St. Mary’s teacher becomes school principal

St.MaryJoe McIntyre/staff photographer
St. Mary’s School Principal Denise Hall talks with third-grader Seamus Gailor Tuesday about how to date stamp library books.

By SCOTT CONROE
Staff Reporter
sconroe@cortlandstandard.net

Denise Hall was starting her 10th year as a sixth-grade teacher at St. Mary’s School in September when she received a call one weekend that changed her career plans.
The Rev. Mark Kaminski asked her to take over as the school’s principal, effective that Monday. Principal Susan McInvale had resigned to deal with a family situation.
Hall had already planned to become a principal at some point. She was halfway through classes for her administrative certificate at Le Moyne College.
“I never thought it would be this soon,” she said Tuesday about her taking over as principal. “I had closed up my classroom that Friday, and the next week I was here, in this office. I’ve loved it. I like having an impact on 250 students instead of 20.”
Hall graduated from Cortland High School in 1986 and received an associate’s degree from Mohawk Valley Community College, in human services.

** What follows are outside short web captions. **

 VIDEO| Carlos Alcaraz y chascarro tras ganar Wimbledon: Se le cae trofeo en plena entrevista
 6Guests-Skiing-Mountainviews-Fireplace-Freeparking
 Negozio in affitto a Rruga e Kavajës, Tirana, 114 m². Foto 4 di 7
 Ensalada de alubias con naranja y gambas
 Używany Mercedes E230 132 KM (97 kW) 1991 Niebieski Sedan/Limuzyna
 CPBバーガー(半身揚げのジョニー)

She married her husband, Michael, started a family and did not continue her education at that time.
But working as a teacher’s aide at Virgil Elementary School caused her to fall in love with teaching. She enrolled part time and then full time at SUNY Cortland, receiving her elementary education degree in 2002.

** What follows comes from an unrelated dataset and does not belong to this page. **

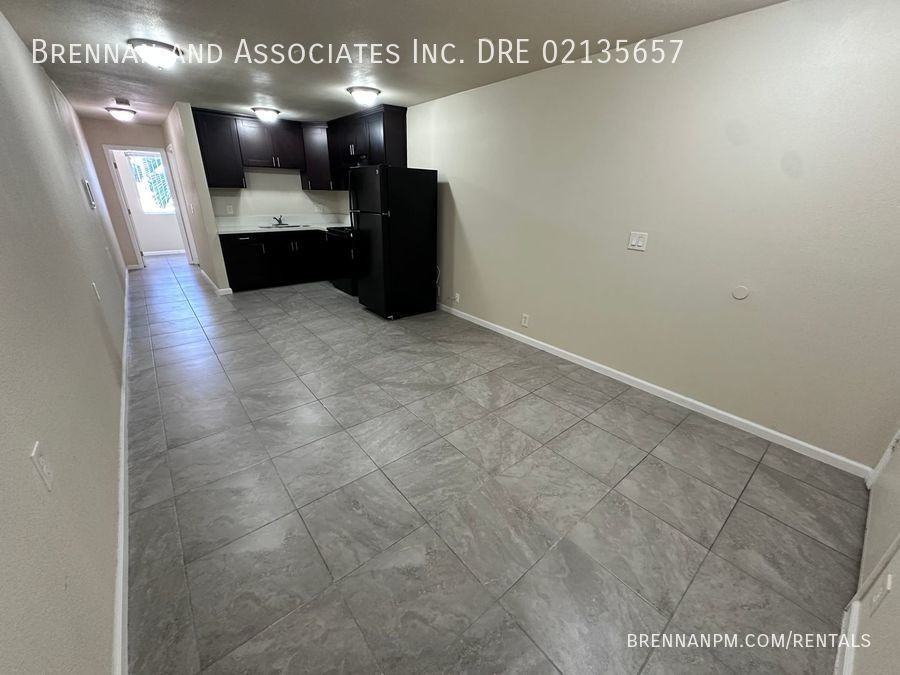 4201 51st St #A - Photo 4 of 18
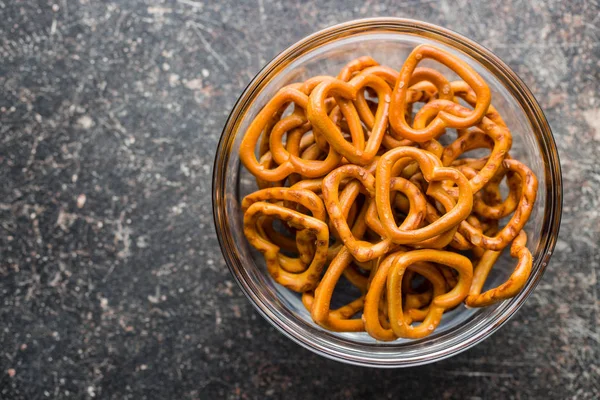 Pretzel Forma Coração Mesa Cozinha Velha — Fotografia de Stock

“It was tough,” she said of balancing college with family life, “but I did it. I knew teaching was what I wanted to do for the rest of my life. I continued with my family life — I had my youngest, Maggie, while I was getting my degree.”
Hall assumed she would find a job at a public school. She became a teacher at St. Mary’s, where her older children were students and where her husband was an alumnus, almost by accident.
“My son Adrian was here at St. Mary’s,” Hall said, “and I fell in love with the school — the principal, Sister Harriet, said, ‘You belong here.’ I liked the atmosphere the minute I walked in the door. It was the greetings from the children, they were so polite, and the teachers were so nice. It was like a family.”
“Denise was the first choice I would ever make, in this situation,” Kaminski said. “She has an excellent rapport with teachers and students, and with the larger community of alumni and parents. People feel drawn to her.”
St. Mary’s School, founded in 1928, has been thriving lately, Hall said.
The school went up to 12th grade until 1970, then dropped seventh and eighth grades in 1986. Its enrollment — which peaked at about 600 — now spans grades kindergarten to sixth grade and remains steady at 250, backed by tuition costs and aid from its foundation and the Diocese of Syracuse.
‘We are right at the top of schools in the Diocese, for being successful,” Kaminski said. “Denise has a very positive outlook on Catholic education and the future of our schools.”
Hall said this fall marked the return of a uniform dress code for students. They do not wear uniforms but must conform to a dress code, with boys wearing dress shirts or polo shirts and girls wearing skirts.
Hall said such dress codes ended in the 1988-89 school year at St. Mary’s but returned now because parents were concerned with the rising divisions among students over what they wear — how expensive their clothes are and what is fashionable.
“The uniform dress code helps to ease all of that,” Hall said. “It takes away the baggage associated with clothes. Students have enough to worry about.”
The change was recommended by a committee of parents and teachers.
Hall said Catholic schools remain viable because people want the high standards and expectations they impose.
“Students know what’s expected, parents know what’s expected,” she said.
Maggie Hall is now a fifth-grader at St. Mary’s. Adrian is a senior and Hall’s middle child, Bethany, is a sophomore at Cortland High School.